We add two stabilization mechanisms.  On certain occasions we {\em waste}
a vertex $v$.  When this occurs $v$ is removed from $S$ and all edges $e$
containing $v$ are deleted.  On certain occasions when an edge $e$ has
been born and $v\in e$ we {\em revive} $v$.  When this occurs $v$ is
``put back'' into $S$ and the edges $e'\neq e$ containing $v$ are
put back into $H$.  (A vertex $v\in e$ is revived at the moment $e$ is
born or not at all. More formally we can say that when $e$ is born $e$
is deleted and all nonrevived $v\in e$ are removed from $S$ as are all
edges $e'$ containing such $v$.  The term ``revive'' gives the sense we
aim for that this occurs rarely.)
\par Here are the probabilities.  Suppose $\deg_t(v)=De^{-t}-\Delta$
with $\Delta\geq 0$.  Then $v$ is wasted in the time interval
$[t,t+dt]$ with probability $\frac{\Delta}
{kDe^{-t}}dt$.  Suppose $\deg_t(v)=De^{-t}+\Gamma$ with $\Gamma\geq 0$.

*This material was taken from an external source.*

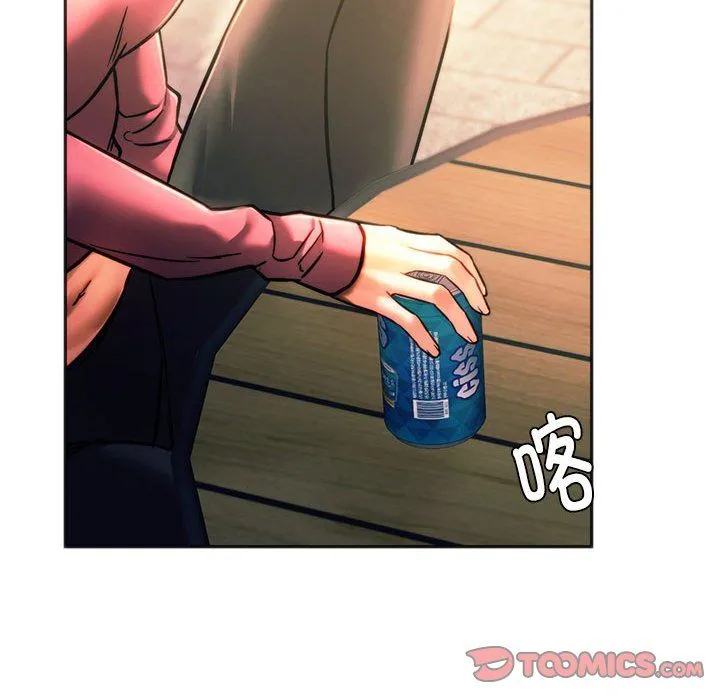 同级生 - 第39話 - page 30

If an edge $e$ containing $v$ is born 
then $v$ is revived with probability
$\frac{\Gamma}{De^{-t}+\Gamma}$.  The a priori probability that $v$ is
revived is then
\[ \deg_t(v) \frac{dt}{kDe^{-t}}\frac{\Gamma}{De^{-t}+\Gamma} = 
\frac{\Gamma}{kD^{-t}}dt  \]
This gives a convenient symmetry:
\beq\label{row}
\Pr[v\mbox{ revived or wasted}]=\frac{|\deg_t(v)-De^{-t}|}{kDe^{-t}}dt
\eeq
\par Consider any $v$ at time $t$.  Suppose $\deg_v(t)=De^{-t}-\Delta$ with
$\Delta\geq 0$.  In the next $dt$ there is probability $\frac{\deg_t(v)}
{kDe^{-t}}dt$ that some $e$ containing $v$ is born (and $v$ can't be 
revived as $\Delta\geq 0$) and probability $\frac{\Delta}{kDe^{-t}}dt$
that $v$ is wasted; so probability $\frac{dt}{k}$ that $v\not\in S_{t+dt}$.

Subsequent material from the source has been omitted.